Clearly, the new results extend the range of values \(\xi \) for which Newton’s procedure (13) converges.

Next, we present an example to show that our conditions can be used to solve equations in cases where the ones in [1, 2, 9,10,11,12,13,14,15,16,17] cannot.

Example 3.2

Consider \(B_1=B_2=C[0,1]\) with the norm-max. Set \(D=U(x_0,3).\) Define operator G on D by

$$\begin{aligned} G(z)(w)=z(w)-y(w)-\int _0^1Q(w,t)v^3(t)dt, \end{aligned}$$
(19)

\(w\in [0,1], \, z\in C[0,1],\) where \(y\in C[0,1]\) is fixed and Q is a Green’s Kernel defined by

$$\begin{aligned} Q(w,u)=\left\{ \begin{array}{cc} (1-w)u,&{} if\,\, u\le w\\ w(1-u),&{}if\,\,w\le u. \end{array}\right. \end{aligned}$$
(20)

Then, the derivative \(G'\) according to Fréchet is defined by

$$\begin{aligned} {[}G'(v)(z)](w)=z(w)-3\int _0^1Q(w,u)v^2(t)y(t)dt, \end{aligned}$$
(21)

\(w\in [0,1],\, z\in C[0,1].\) Let \(y(w)=x_0(w)=1.\) Then, using (2)-(21), we obtain \(G'(x_0)^{-1}\in L(B_2,B_1),\) \(\Vert I-G'(x_0)\Vert < \frac{3}{8},\, \Vert G'(x_0)^{-1}\Vert \le \frac{8}{5}:=\beta ,\, \gamma =\frac{1}{5},\) \(K_0=\frac{12}{5},\, K_1=\frac{18}{5},\) and \(D_0=U(1,3)\cap U(1,\frac{5}{12})=U(1,\frac{5}{12}),\) so \(M=\frac{3}{2},\) and \(K_0< K_1,\, M < K_1.\) Set \(M=K.\) Then, the old sufficient convergence criterion is not satisfied, since \(\gamma \beta K_1 =\frac{1}{5}\frac{8}{5}\frac{18}{5}=\frac{144}{125}> \frac{1}{2}\) holds. Therefore, there is no guarantee that Newton’s method (14) converges to \(x^*\) under the conditions of the aforementioned references. But our condition hold, since \(\gamma \beta K=\frac{1}{5}\frac{8}{5}\frac{3}{2}=\frac{24}{50} <\frac{1}{2}.\) Hence, the conclusions of Theorem 2.7 follow.

Example 3.3

Consider \(B_1=B_2=C[0,1]\) and \(D=U[0,1].\) Then the boundary value problem (BVP) [4]

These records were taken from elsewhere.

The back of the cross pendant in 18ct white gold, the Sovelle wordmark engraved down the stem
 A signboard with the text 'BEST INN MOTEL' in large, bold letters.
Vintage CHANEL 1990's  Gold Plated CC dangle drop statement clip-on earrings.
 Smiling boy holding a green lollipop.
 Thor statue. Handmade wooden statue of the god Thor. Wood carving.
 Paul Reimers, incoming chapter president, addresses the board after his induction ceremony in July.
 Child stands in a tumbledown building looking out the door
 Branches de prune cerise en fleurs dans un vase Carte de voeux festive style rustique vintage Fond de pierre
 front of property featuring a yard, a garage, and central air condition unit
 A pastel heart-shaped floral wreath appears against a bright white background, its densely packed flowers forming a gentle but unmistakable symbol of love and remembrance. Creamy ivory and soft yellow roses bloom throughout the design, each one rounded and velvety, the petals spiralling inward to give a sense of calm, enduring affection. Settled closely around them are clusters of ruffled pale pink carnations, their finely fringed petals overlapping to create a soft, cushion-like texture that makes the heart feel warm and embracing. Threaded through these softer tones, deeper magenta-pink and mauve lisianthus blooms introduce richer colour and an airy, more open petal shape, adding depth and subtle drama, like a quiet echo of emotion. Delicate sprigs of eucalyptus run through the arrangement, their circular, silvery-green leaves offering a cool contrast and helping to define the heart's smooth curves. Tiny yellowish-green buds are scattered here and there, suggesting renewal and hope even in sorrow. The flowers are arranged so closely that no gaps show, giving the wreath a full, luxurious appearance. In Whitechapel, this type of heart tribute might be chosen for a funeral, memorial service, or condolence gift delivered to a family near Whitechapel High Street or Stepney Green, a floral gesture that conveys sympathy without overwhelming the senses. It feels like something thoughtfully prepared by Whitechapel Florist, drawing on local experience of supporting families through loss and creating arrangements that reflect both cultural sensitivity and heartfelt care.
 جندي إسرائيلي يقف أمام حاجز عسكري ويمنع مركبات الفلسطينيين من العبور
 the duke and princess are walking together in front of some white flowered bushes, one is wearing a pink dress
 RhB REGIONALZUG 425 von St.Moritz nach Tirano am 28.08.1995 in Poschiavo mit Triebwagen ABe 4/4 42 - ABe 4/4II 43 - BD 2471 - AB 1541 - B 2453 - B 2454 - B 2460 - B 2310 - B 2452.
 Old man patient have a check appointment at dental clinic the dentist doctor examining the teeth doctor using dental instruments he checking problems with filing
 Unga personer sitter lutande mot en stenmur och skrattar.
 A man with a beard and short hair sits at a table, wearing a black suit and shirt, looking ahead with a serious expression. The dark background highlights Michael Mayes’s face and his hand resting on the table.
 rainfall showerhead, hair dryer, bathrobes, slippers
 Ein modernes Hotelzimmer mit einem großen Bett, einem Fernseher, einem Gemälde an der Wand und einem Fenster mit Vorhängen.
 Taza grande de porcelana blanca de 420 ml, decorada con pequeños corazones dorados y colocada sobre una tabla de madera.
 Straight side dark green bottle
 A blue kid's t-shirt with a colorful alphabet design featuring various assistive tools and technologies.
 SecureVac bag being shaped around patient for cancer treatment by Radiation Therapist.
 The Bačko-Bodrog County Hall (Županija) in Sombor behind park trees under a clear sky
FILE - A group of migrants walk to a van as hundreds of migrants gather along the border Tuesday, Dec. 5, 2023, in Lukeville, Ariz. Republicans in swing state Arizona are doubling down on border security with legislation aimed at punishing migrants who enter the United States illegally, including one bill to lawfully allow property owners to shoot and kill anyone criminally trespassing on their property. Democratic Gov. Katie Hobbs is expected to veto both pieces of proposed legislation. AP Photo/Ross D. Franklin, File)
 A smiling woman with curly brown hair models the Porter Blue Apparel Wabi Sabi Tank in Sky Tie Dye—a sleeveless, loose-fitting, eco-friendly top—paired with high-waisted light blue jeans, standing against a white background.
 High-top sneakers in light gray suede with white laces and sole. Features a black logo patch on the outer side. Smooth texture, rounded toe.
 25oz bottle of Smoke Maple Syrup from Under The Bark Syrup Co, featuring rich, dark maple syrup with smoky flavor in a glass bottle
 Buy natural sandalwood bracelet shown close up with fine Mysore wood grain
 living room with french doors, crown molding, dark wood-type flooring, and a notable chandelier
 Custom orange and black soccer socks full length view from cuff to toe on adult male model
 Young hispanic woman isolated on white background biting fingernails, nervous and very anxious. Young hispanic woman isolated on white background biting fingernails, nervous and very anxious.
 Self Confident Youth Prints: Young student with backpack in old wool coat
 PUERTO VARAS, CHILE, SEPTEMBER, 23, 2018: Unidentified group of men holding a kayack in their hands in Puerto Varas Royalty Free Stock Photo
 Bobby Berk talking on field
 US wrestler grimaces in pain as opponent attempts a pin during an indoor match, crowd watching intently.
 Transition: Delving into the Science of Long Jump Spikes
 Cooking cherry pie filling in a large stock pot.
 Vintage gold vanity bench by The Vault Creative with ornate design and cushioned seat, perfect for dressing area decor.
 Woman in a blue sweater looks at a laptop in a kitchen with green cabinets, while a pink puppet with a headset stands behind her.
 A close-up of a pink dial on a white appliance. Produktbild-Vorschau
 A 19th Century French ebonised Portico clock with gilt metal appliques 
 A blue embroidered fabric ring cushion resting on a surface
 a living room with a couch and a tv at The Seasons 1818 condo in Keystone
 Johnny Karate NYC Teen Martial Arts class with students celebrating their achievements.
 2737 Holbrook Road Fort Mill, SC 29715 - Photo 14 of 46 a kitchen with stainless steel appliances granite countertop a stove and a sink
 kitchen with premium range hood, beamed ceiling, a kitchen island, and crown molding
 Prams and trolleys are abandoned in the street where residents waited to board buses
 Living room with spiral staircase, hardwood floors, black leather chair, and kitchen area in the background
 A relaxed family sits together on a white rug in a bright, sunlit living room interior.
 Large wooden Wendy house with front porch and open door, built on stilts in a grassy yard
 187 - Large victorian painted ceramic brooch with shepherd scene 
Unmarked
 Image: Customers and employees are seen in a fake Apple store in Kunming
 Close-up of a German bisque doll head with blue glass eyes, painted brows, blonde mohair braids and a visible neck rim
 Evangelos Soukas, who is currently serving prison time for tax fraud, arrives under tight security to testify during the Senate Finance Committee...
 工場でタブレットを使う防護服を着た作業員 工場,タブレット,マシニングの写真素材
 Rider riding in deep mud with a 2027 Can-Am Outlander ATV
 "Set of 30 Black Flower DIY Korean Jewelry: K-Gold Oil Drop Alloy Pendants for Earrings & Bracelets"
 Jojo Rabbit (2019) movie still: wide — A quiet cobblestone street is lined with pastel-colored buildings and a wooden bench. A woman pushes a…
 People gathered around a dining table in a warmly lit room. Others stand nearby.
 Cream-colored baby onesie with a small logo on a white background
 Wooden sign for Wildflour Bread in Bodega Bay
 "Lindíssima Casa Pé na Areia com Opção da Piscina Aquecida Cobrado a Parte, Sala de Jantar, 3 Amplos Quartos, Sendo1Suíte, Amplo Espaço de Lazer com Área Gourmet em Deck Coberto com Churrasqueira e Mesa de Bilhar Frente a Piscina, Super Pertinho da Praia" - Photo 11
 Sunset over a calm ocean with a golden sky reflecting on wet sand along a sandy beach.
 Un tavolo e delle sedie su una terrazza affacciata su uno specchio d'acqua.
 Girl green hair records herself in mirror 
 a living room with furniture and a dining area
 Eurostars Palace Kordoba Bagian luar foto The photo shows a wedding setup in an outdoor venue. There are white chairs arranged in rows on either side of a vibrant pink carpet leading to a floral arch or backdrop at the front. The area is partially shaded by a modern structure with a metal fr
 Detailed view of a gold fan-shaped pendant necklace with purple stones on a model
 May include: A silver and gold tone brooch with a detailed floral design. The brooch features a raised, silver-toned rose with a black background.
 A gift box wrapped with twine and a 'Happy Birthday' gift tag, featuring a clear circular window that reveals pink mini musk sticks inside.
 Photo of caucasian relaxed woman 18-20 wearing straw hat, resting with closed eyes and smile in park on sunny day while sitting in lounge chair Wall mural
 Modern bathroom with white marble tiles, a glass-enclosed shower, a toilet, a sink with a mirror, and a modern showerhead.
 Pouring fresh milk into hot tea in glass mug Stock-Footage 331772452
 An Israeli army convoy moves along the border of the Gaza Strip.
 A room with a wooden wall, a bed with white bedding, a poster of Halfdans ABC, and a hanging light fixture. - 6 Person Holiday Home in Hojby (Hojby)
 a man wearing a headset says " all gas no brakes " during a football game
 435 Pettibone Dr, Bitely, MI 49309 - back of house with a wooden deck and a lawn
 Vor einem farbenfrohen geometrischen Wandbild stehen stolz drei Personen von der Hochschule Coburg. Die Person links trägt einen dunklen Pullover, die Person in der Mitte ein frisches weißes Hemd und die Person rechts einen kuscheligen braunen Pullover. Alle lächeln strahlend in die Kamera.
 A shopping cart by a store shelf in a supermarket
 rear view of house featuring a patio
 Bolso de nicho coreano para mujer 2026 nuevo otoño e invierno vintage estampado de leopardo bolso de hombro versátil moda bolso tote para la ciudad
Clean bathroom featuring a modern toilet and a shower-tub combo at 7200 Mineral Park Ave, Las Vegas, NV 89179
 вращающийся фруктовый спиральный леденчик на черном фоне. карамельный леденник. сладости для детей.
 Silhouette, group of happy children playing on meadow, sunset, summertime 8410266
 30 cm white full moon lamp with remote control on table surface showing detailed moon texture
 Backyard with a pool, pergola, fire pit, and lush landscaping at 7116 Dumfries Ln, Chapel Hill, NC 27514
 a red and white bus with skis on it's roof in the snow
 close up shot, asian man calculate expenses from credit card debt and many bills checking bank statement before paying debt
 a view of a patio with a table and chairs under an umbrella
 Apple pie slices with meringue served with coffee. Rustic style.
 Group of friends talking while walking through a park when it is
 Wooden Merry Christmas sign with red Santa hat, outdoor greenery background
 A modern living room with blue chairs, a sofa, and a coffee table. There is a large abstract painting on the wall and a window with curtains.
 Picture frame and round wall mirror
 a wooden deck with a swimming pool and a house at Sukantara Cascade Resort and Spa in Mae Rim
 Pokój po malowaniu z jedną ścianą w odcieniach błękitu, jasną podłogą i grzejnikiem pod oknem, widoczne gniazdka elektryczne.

$$\begin{aligned}&\tau (0)=0,\tau (1)=1,\\&\tau ''=-\tau -\sigma \tau ^2 \end{aligned}$$

can be also given as

$$\begin{aligned} \tau (t_2)=t_2+\int _0^1 P(t_2,t_1)(\tau ^3(t_1)+\sigma \tau ^2(t_1))dt_1 \end{aligned}$$

where \(\sigma \) is a constant and \(P(t_2,t_1)\) is the Green’s function

$$\begin{aligned} P(t_2,t_1)=\left\{ \begin{array}{cc} t_1(1-t_2),&{}\, t_1\le t_2\\ t_2(1-t_1),&{}\,\, t_2 < t_1. \end{array}\right. \end{aligned}$$

Consider \(F:D\longrightarrow B_2\) as

$$\begin{aligned} {[}F(x)](t_2)=x(t_2)-t_2-\int _0^1P(t_2,t_1)(x^3(t_1)+\sigma x^2(t_1))dt_1. \end{aligned}$$

Let us set \(\tau _0(t_2)=t_2\) and \(D=U(\tau _0, \rho _0).\) Then, clearly \(U(\tau _0,\rho _0)\subset U(0, \rho _0+1),\) since \(\Vert \tau _0\Vert =1.\) If \(2\sigma < 5.\) Then,

$$\begin{aligned} K_0=\frac{2\sigma +3\rho _0+6}{8}\,\,\text { and}\,\, K_1=\frac{\sigma +6\rho _0+3}{4}. \end{aligned}$$

Hence, \(K_0 < K_1.\)

4 Conclusions

A technique is introduced by which the convergence analysis of Newton methods (13 and (18) is consistently extended under weaker conditions. Researchers and practitioners will always prefer to use these results over the earlier ones, since they are at least as applicable. The same idea can be used on other methods in order to extend their applicability along the same lines. This will be the focus of our future research.